NWAPRS serves: Alberta, British Columbia, Northwest Territories,Washington, Oregon, Idaho, and Montana
NWAPRS Best & Better Solutions
PORTABLE: One of the best portable solutions
for APRS is a handheld dual-band radio with APRS components
including a GPS. The components take the GPS output, then based on
your configuration settings, send the output on a pre-determined
path and time setting. Kenwood first developed the TH-D7A, which
required an external GPS, then improved on it by adding a GPS in
the TH-D72A and TH-D74A follow-on radios. Other manufacturers
eventually caught on to the popularity of a radio with
APRS-functionality. Yaesu and Alinco are two manufacturers that
now have APRS-ready radios. With the 2021 announcement by Kenwood
that production of the TH-D74A is discontinued due to a fire in
the chip plant in Japan, the last of the TH-D74s have been cleared
off the shelves and disappointingly higher prices. Yes, we should
have all bought (another) Kenwood TH-D74A back in February 2021
before the price went up. You snooze, you lose.
MOBILE: One of the best mobile solutions for APRS is the (you guessed it) Kenwood mobile dual-band TM-D710GA. The latest model features a built-in GPS, where the TM-D700A and TM-D710A did not, and required an external GPS (like the Greenlight Labs www.greenlight.com) or the AvMap G6 APRS GPS with 4" display.
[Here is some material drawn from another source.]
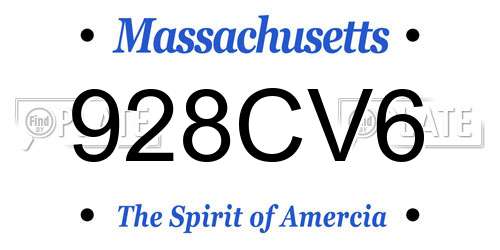 928CV6 Massachusetts License Plate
Whatever APRS stations are received by the radio, are plotted by icons on the map. Perfect mobile solution. And finally, Yaesu came out with the FTM-300 and 400 series fully supporting APRS, along with Alinco.
HOME STATION: You can purdy-much use any 2M or dual-band transceiver, along with one of several manufacturers of Terminal Node Controllers, or TNCs for short, to convert the AX.25 packet from noise to data processed by your computer. Kantronics has been the stalwart of TNCs modified specifically for APRS use, either on mountaintops as digipeaters, to desktop TNCs for home APRS stations. Tune the radio to the USA national simplex frequency 144.39Mhz, run the cable to the TNC that has been properly configured (recommended settings included elsewhere within these web pages), and fire up your favorite computer program UI-View32, PinPointAPRS, Xastir, SARTrack, or other.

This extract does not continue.